No ‘historic’ label for flood project

Officials eye plan to keep work moving in 2007

By DAVID RYAN
Register Staff Writer

Flood control officials announced disappointing news Tuesday, but they say they have found a silver lining for the nine year-old project.

Flood project officials said they failed in their recent effort to get federal officials to label the project one of national significance — a designation that would have loosened federal purse strings.

But a financial maneuver may free up money to keep construction going downtown and lay the groundwork for improvements along Napa Creek and the Napa River Oxbow.

U.S. Army Corps of Engineers officials are looking over a proposed change in the agreement between their agency and the Napa County Flood Control and Water Conservation District the would allow the district to take money it is obligated to pay in yearly installments and advance it in a lump sum instead.

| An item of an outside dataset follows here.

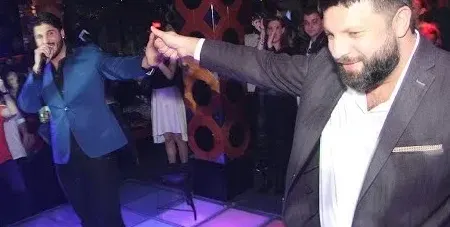 Тони Стораро ступан от люлинския бабаит, задето свалял жена му! (Заплашват, че и Фики ще го отнесе, движи вече само с охрана)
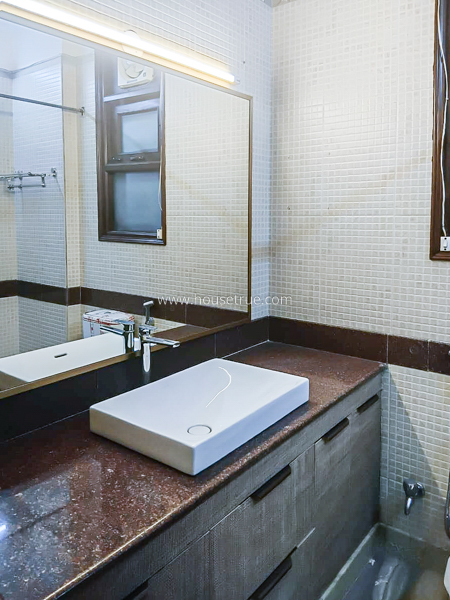 3 BHK Flat For Rent in Defence Colony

This would gather about $6.5 million for the 2007 construction season, allowing heavy equipment to remain in Napa and avoid having to break down the construction camp and burden taxpayers with the cost of rebuilding it again.

“Mobilization and demobilization, that’s a very costly endeavor and obviously it slows down your construction,” said Heather Stanton, local project manager.

The project has faced continual funding setbacks from the federal government, making a projected 2011 end date wishful thinking. Stanton said within six months the district — with the help of the Corps of Engineers — will come up with an updated schedule. That’s become something of a tradition with a project that was originally sold to Measure A voters in 1998 as something that would be finished by 2007.

But flood officials are doing everything in their own power to keep the project from falling further behind.

For example, if the flood district can advance the $6.5 million to keep construction going on downtown flood defenses along the river from the Hatt building to the First Street Bridge, that places the project in a more favorable position to use whatever federal money comes this year to handle engineering work for the Wine Train tracks and the Oxbow bypass channel.

More importantly for residents in the Napa Creek area, it also sets the flood project in a better position to use federal money to build flood defenses along that waterway.

One thing flood district officials want to make clear is the advance money is not a loan, Napa County Supervisor Bill Dodd said, but a tactic to keep the ball rolling.

“When you have to tear down construction sites and then build them back up again it costs a lot of money,” he said. “Ultimately, this was seen as a way to save the taxpayers money.”

In the meantime Stanton said the flood project’s environmental benefits still make it a candidate for national significance in the next fiscal year. There are nine projects of national significance, including the Florida Everglades and various harbors.

“We will keep pounding at it,” Stanton said. “We believe because this project embodies the future of what flood projects should be — that includes restoration — that it should jump over the hurdles.”